RC: W10 D1 — Writing to the manifest | Software under the hood

RC: W10 D1 — Writing to the manifest

April 15, 2024

There was one last thing left to do regarding the manifest: write to it whenever a new operation occurs. This is fairly easy to do, but there is nonetheless one aspect to think about: when exactly should the operation be reported in the manifest? Before occurring? After occurring? While occurring?

Here is how I approached the problem. The manifest is here so that the state can be recreated from the files stored on disk whenever the engine restarts. Therefore, it is important that all the files necessary to recover the state have been written before the corresponding operation is logged to the manifest. On the other hand, in case there is a crash before the operation has been logged onto the manifest, it is also important that the state can be recreated (even if that would be the second-to-last state). Therefore, the operation should be logged to the manifest before the files it is supposed to delete are effectively deleted. And that should do the trick.

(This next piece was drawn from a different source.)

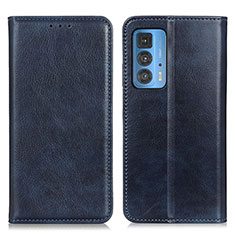 Funda de Cuero Cartera con Soporte Carcasa N01P para Motorola Moto Edge S Pro 5G Azul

Flush operations create a new SSTable from a memtable that is backed up by a write-ahead log (WAL). In this case, it would be wise to write to the manifest once the new SSTable has been created and added to the state, but before the WAL has been deleted so that the memtable can be recreated in case of a crash.

Here is the pseudocode for this operation:

class LsmStorage:
    def _flush(self) -> None:
        # Perform the flush operation building the new sstable
        new_sstable = ...

        # Update the state
        flushed_memtable = self.state.immutable_memtables.pop()
        self.state.sstables_level0.insert(0, new_sstable)

        # Write to manifest
        event = FlushEvent(sstable=new_sstable)
        self.manifest.add_event(event=event)

        # Delete the WAL
        flushed_memtable.wal.delete()

As for the compaction operation, the idea is similar: compaction takes a bunch of SSTables (input) and compacts them into new SSTables at the next level (output). Thus, the operation should be logged in the manifest after the output SSTables have been created and added to the state but before the input SSTables are deleted.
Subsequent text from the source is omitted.